ON APPELLANT’S MOTION FOR REHEARING AND APPELLEES’ MOTIONS FOR REHEARING

BIERY, Justice.

This court’s opinion of June 19, 1991, is withdrawn and the following opinion is substituted. The motions for rehearing of Advanced Petroleum, Javier Salinas, and Luther Durden are denied. The motion for rehearing of USX concerning indemnity against Advanced Petroleum is granted. The remainder of the USX motion for rehearing is denied.

This is a products liability case involving a defectively made hydraulic cylinder which resulted in the collapse of the oil rig elevator of which the cylinder was a part. The plaintiffs chose to try the case on a marketing defect theory (failure of the retailer to warn that slippage of the elevator indicated potential collapse) rather than a manufacturing defect theory. 2 We reverse the trial court’s judgment against USX and the dismissal of Advance, and remand for a new trial. We affirm the default judgments against the manufacturers, Newport and Christopher.

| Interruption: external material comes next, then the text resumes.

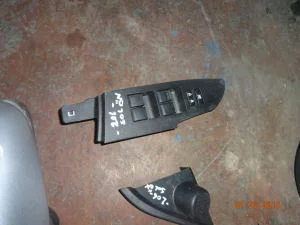 TOYOTA COROLLA 2014 ÇIKMA SOL ÖN CAM DÜĞMESİ PLASTİK ÇERÇEVESİ 2013 - 2014 - 2015 - 2016 Arası Modellerle Uyumludur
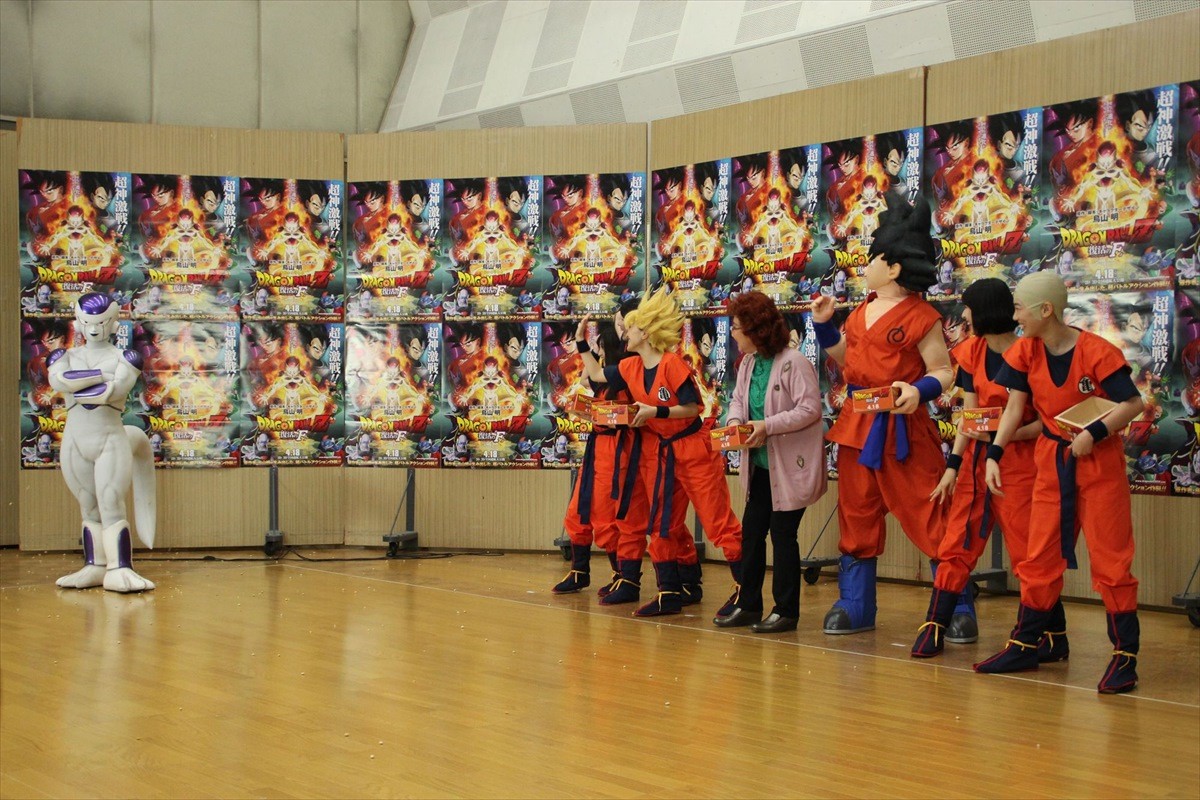 ももクロ、映画『ドラゴンボールZ』ゲスト声優に　“亀仙流道着”でイベント登場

The plaintiffs-appellees, Javier Salinas and Luther Durden, were oilfield workers employed by Dixilyn Drilling. In October of 1985, both men suffered serious injuries when the oil well servicing rig elevator in which they were riding fell thirty feet to the ground. In addition to the plaintiffs and their employer, the other parties involved are as follows:

(1) Newport Hydraulics Incorporated, the manufacturer of a defective hydraulic cylinder which was an integral part of the oil rig elevator and which was found to have caused the elevator to fall;
(2) CC Services, Inc. d/b/a Christopher Manufacturing Company, the manufacturer and assembler of the oil rig elevator;
(3) Advanced Petroleum Services Inc. a/k/a Advanced Products & Systems, Inc., the exclusive wholesale distributor for Christopher Manufacturing;
(4) U.S.X. Corporation (USX), appellant, the retailer of the oil rig package, including the elevator and possibly the replacement cylinder; 3 and
(5) Highlands Insurance Co., the workers’ compensation carrier which intervened as subrogee.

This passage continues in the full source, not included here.